Sogar Bundeskanzlerin Angela Merkel ist in der Anklageschrift aufgeführt. Sie war von 1991 bis 1994 Bundesministerin für Frauen und Jugend. Sie sei für das gesellschaftliche Umfeld mitverantwortlich, in dem der rechtsextremistische NSU seine Mordserie ausführen konnte. Als Ministerin habe Merkel Anfang der 1990er Jahre die Sozialarbeit mit rechten Jugendlichen unkritisch gefördert, so die Klage der Aktivisten. Viele Jugendclubs in den neuen Bundesländern hätten eine Infrastruktur militanter Neonazis gebildet, etwa der »Winzerclub«, in dem Zschäpe, Mundlos und Böhnhardt kennenlernten. »Wir klagen die ehemalige Bundesjugendministerin Angela Merkel an, mit ihrem Programm der akzeptierenden Jugendsozialarbeit systematisch Neonazi-Netzwerke verharmlost, gestärkt und mit ermöglicht zu haben, die teilweise auch dem späteren NSU-Netzwerk zuzurechnen sind.«, heißt es in der Anklageschrift. Genannt werden auch V-Männer des Verfassungsschutzes wie etwa Kai Markus Dalek, der für das Bayerischen Landesamt als verdeckter Ermittler in neonazistischen Gruppen aktiv war: »Er steht damit zentral und beispielhaft für die Unterstützung des VS bei Aufbau und Weiterentwicklung militanter neonazistischer Strukturen. Insgesamt entlohnte der Bayerischen LfV seine bis 1998 dauernden Tätigkeiten mit mindestens 150.000 Euro.«
Aufgeführt wird auch Helmut Roewer, Präsident des Thüringer Verfassungsschutzes von 1994 bis 2000: »Roewer alimentierte während seiner Amtszeit den Nazi Tino Brandt mit den umfangreichen Geldzahlungen, der damit die Nazi-Organisation Thüringer Heimatschutz aufbaute. Außerdem sorgte er gegenüber den Strafverfolgungsbehörden für dessen faktische Immunität.«
Die Anklageschrift des Tribunals verzeichnet rund 90 Namen, darunter den ehemaligen Innenminister Brandenburgs, Jörg Schönbohm (CDU), den ehemaligen Polizeipräsidenten von Köln, Klaus Jürgen Steffenhagen, den ehemaligen Bundesinnenminister Otto Schily und sogar den Bundesanwalt Jochen Weingarten, der in diesen Tagen das Schlussplädoyer im NSU-Prozess verließt.

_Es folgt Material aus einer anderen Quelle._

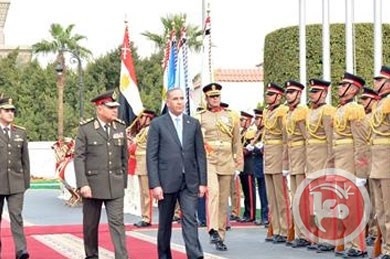وزير الدفاع المصري يستقبل نظيرة العراقي بالقاهرة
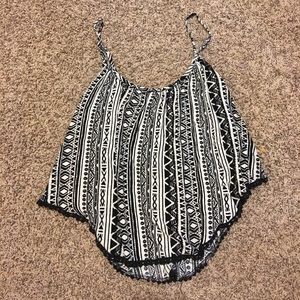 Black & white loose fit tank top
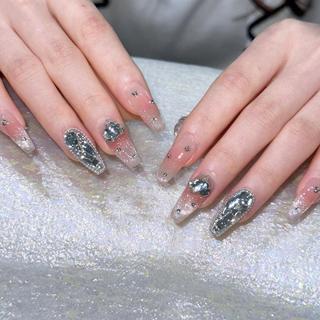 ネイル Queens テイのネイルデザイン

Auch Journalisten werden als Schuldige genannt. Etwa eine Mitarbeiterin des Magazins »Der Spiegel«. Diese habe für eine Öffentlichkeit gesorgt, die die Anschlags- und Mordserie an Migranten über zehn Jahre hinweg nicht als rassistisch motiviert erkannt hat, sondern sie – der Linie der Ermittlungsbehörden entsprechend – zu Verdächtigen und vermeintlichen Tätern machte.
Das Ende des Schlussplädoyers der Bundesanwaltschaft ist für den 12. September angesetzt. Das Urteil könnte noch in diesem Jahr fallen. Das Aktionsbündnis ruft dann unter dem Motto »Kein Schlussstrich« zu einer bundesweiten Demonstration vor dem Münchner Gerichtsgebäude auf.
Schuld sieht das Bündnis auch bei Journalisten, Polizeibeamten, Verfassungsschützern – und sogar bei der Kanzlerin.